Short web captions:
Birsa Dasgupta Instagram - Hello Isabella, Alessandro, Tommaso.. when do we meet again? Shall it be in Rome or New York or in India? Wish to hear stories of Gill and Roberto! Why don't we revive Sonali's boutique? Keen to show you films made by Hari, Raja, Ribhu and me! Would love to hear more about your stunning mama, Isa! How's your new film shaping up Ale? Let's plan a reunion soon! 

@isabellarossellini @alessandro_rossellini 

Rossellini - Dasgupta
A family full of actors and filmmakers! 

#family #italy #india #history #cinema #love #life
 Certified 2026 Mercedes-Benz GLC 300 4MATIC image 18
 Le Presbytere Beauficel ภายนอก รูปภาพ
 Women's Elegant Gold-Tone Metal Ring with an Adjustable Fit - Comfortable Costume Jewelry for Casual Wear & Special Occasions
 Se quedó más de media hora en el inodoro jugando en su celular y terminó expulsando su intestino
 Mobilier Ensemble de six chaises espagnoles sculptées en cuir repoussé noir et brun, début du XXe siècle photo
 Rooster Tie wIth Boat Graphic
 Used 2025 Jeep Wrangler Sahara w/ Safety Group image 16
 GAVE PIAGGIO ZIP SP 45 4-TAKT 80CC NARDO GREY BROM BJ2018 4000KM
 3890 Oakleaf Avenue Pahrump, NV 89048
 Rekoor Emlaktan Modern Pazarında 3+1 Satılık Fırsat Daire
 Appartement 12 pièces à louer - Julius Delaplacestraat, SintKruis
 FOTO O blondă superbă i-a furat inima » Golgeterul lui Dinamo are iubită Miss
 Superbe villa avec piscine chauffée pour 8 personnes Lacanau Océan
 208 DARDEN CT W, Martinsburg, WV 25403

→ **EXERCISE OBJECTIVE**:
Looking through the data above, copy out each line in which the string "love" occurs.

→ **RESPONSE AREA**:
Birsa Dasgupta Instagram - Hello Isabella, Alessandro, Tommaso.. when do we meet again? Shall it be in Rome or New York or in India? Wish to hear stories of Gill and Roberto! Why don't we revive Sonali's boutique? Keen to show you films made by Hari, Raja, Ribhu and me! Would love to hear more about your stunning mama, Isa! How's your new film shaping up Ale? Let's plan a reunion soon! 
#family #italy #india #history #cinema #love #life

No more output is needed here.